Anyone who is familiar with Fourier Series and the square wave understands this well:

$\frac{4}{\pi} \sum^{\infty}_{k=1}$ $\frac{1}{2k-1}sin((2k-1)x) = (\frac{4}{\pi})( sin(x) + \frac{1}{3}sin(3x) + \frac{1}{5}sin(5x) +.....)$ yields the “square wave” function (plus zero at the jump discontinuities)

Here I graphed to $2k-1 = 21$

Now the resulting function fails to even be continuous. But the resulting function is differentiable except for the points at the jump discontinuities and the derivative is zero for all but a discrete set of points.

(recall: here we have pointwise convergence; to get a differentiable limit, we need other conditions such as uniform convergence together with uniform convergence of the derivatives).

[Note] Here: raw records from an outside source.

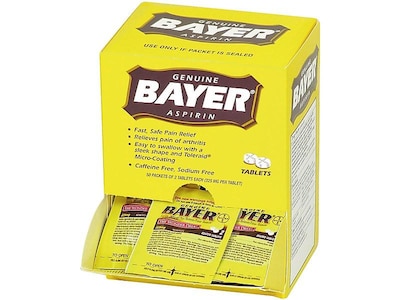 Bayer 325 mg Aspirin Tablets, 2 Tablets/Packet, 50 Packets/Box (7533-50X12-SBA)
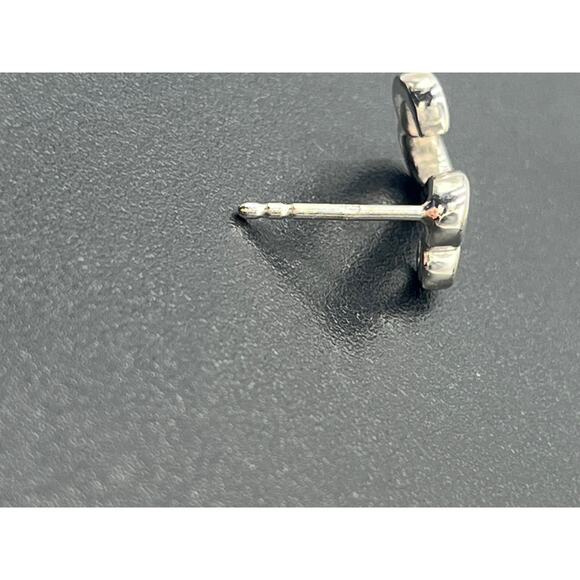 SJD Signed Sterling Silver Open
Heart Scroll 925 Curved Stud Earrings 2.5g - Picture 6 of 9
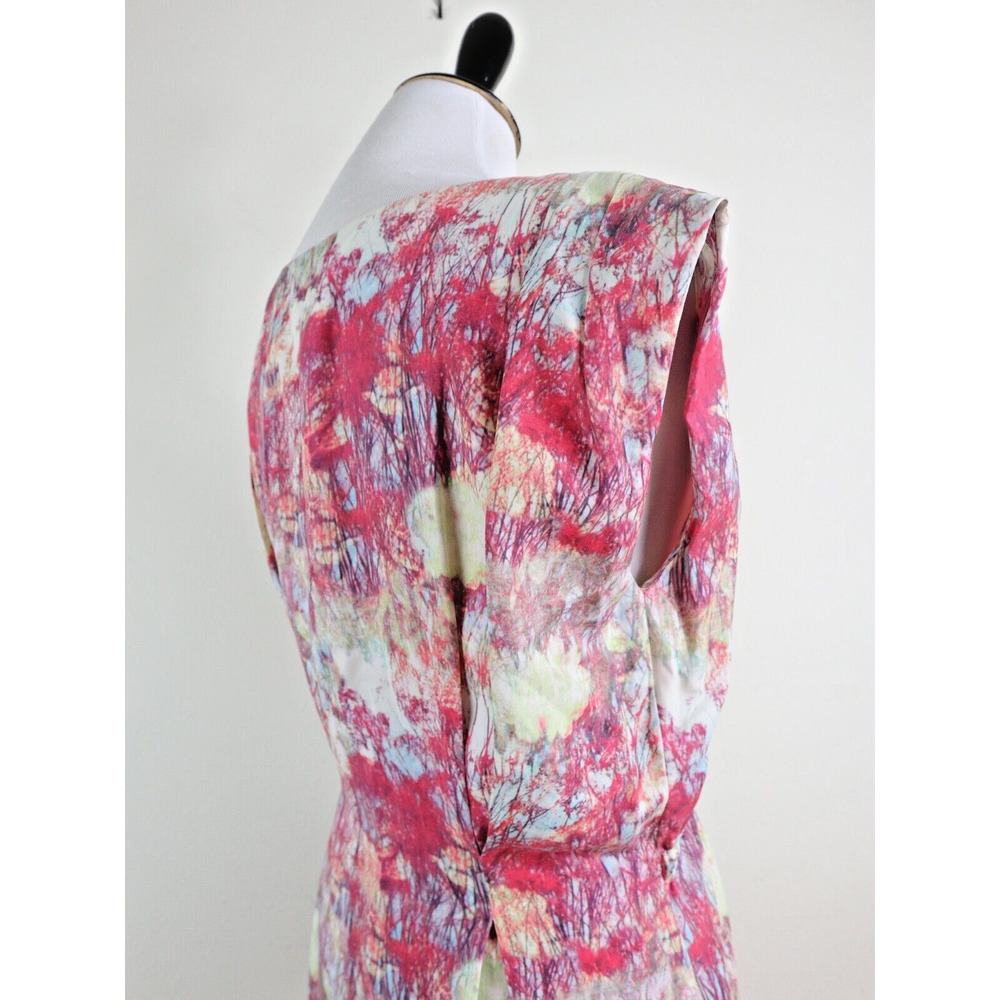 Reiss US 6 Brio Abstract Print Dress Tie Waist Shift Pink Cream - Picture 6 of 11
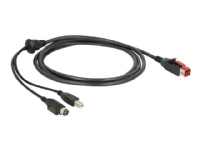 Delock - USB-kabel med egen strömförsörjning - USB PlusPower (24 V) (hane) till USB typ B, Ström mini-DiN (hane) - 24 V - 2 m - svart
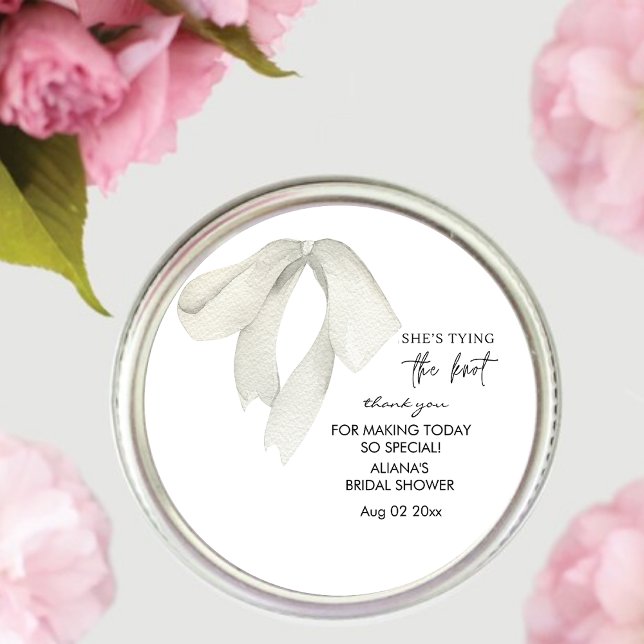  Elegent Bow She's Tying the Knot Bridal Shower  Classic Round Sticker (Creator Uploaded)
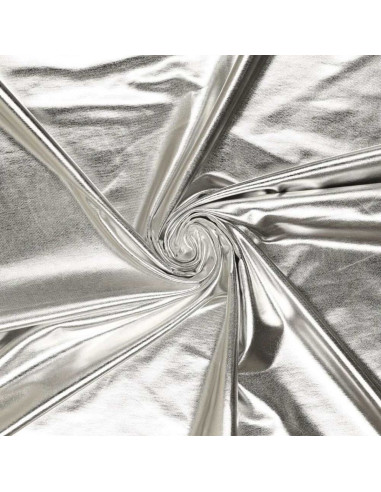 Tissu lamé stretch - Argent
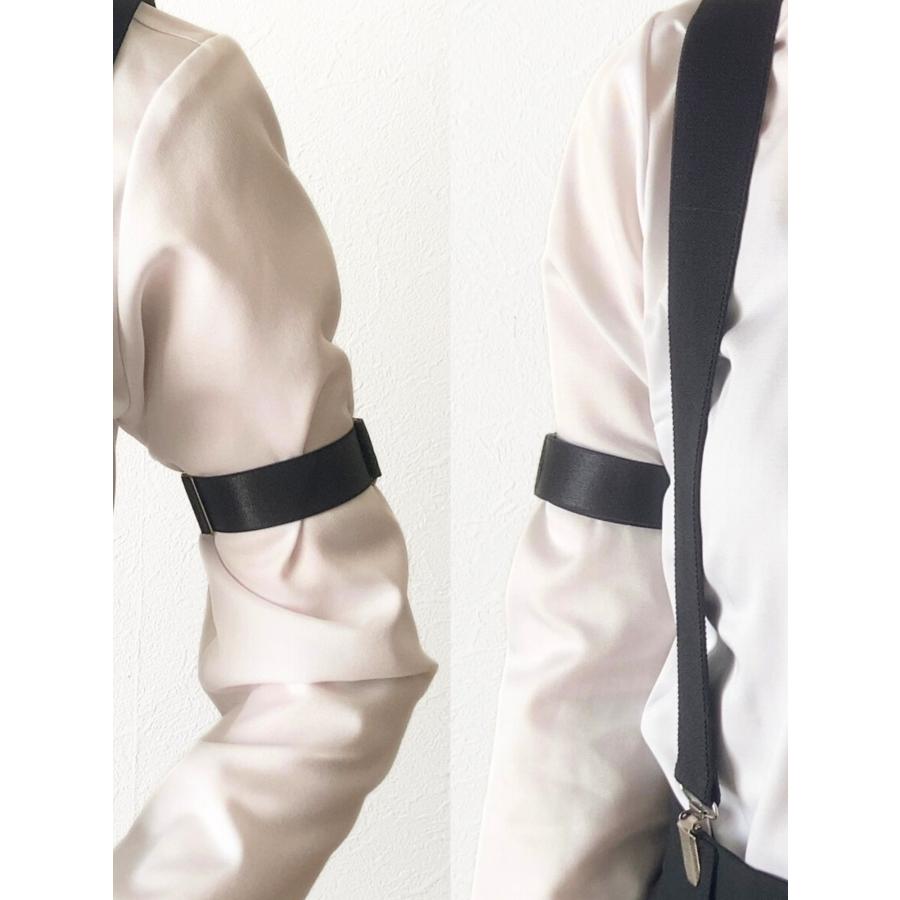 haoa アームバンド 艶ありゴム 革タブ アームベルト 2個セット アーム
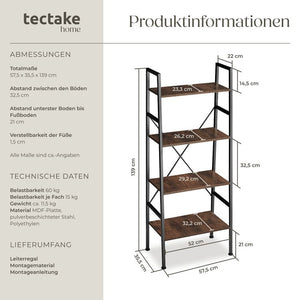 Leiterregal Newcastle 57,5 x 35,5 x 139cm - industrial dunkelbraun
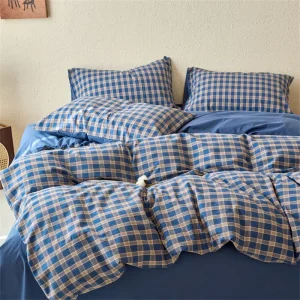 100% Cotton Gird Premium Washed Cotton Bedding Set Hotel Printed Duvet Cover Flat Sheet Pillowcase Yarn Dyed Home Bedding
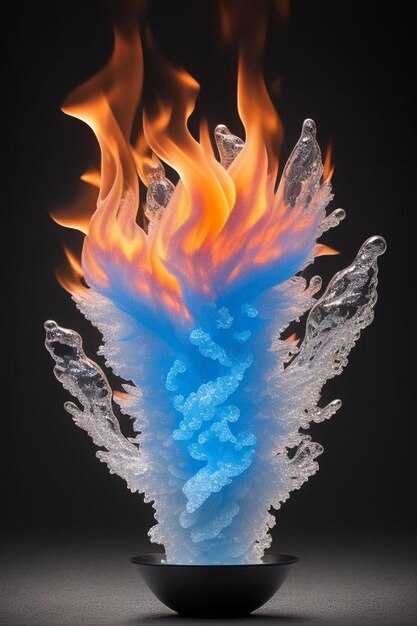 Photo fire and water on black opposite energy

But, just for the heck of it, let’s differentiate term by term and see what we get:

$(\frac{4}{\pi})\sum^{\infty}_{k=1} cos((2k-1)x) = (\frac{4}{\pi})(cos(x) + cos(3x) + cos(5x) + cos(7x) +.....)...$

It is easy to see that this result doesn’t even converge to a function of any sort.

Example: let’s see what happens at $x = \frac{\pi}{4}: cos(\frac{\pi}{4}) = \frac{1}{\sqrt{2}}$

$cos(\frac{\pi}{4}) + cos(3\frac{\pi}{4}) =0$

$cos(\frac{\pi}{4}) + cos(3\frac{\pi}{4}) + cos(5\frac{\pi}{4}) = -\frac{1}{\sqrt{2}}$

$cos(\frac{\pi}{4}) + cos(3\frac{\pi}{4}) + cos(5\frac{\pi}{4}) + cos(7\frac{\pi}{4}) = 0$

And this repeats over and over again; no limit is possible.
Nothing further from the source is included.